WHAT YOU ARE ASKED TO DO
The answer is a single figure: how many lines below contain the word "Down".

Web page caption snippets
▼▼▼
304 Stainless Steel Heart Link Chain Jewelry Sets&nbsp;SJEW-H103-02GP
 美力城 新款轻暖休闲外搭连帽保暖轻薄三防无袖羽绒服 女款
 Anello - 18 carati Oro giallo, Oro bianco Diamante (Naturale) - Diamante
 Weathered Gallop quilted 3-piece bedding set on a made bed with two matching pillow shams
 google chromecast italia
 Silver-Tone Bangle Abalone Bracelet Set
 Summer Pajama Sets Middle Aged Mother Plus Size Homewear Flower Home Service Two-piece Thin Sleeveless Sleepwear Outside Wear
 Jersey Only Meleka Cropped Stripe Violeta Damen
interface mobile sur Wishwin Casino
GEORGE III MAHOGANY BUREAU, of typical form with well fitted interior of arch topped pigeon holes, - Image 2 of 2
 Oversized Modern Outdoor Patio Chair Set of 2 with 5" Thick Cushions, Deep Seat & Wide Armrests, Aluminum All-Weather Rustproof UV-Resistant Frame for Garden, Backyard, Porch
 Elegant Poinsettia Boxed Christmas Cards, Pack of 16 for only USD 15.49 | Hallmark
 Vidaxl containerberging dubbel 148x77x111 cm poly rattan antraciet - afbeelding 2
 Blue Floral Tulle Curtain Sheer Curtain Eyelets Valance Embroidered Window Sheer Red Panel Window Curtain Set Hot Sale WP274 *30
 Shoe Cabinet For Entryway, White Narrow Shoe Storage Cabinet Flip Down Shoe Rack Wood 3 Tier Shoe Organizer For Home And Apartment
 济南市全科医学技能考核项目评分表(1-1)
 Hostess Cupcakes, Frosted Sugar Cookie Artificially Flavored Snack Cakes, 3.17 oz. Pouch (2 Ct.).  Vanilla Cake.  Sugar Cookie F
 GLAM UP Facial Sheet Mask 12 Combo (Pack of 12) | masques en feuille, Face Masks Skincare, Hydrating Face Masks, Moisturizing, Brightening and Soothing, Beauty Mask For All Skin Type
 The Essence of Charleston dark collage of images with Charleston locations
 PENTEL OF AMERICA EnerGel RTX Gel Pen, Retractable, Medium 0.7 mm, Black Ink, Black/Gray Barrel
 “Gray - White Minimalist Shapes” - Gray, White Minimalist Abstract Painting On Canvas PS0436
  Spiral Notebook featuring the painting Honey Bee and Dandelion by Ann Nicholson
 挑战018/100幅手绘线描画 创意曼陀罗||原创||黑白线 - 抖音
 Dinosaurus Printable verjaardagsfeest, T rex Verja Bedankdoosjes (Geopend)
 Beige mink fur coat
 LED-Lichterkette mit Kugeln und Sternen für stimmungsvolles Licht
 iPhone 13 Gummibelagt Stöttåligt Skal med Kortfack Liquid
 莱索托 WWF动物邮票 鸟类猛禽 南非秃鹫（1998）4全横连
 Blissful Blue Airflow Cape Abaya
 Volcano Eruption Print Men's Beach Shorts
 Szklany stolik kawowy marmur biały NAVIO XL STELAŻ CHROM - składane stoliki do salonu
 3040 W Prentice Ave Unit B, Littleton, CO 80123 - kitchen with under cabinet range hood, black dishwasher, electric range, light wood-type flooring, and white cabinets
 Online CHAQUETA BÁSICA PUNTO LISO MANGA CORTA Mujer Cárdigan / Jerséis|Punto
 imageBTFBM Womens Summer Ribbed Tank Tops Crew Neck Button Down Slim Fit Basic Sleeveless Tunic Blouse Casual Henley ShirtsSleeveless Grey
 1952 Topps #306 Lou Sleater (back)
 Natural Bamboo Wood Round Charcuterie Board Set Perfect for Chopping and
▲▲▲
YOUR SOLUTION
2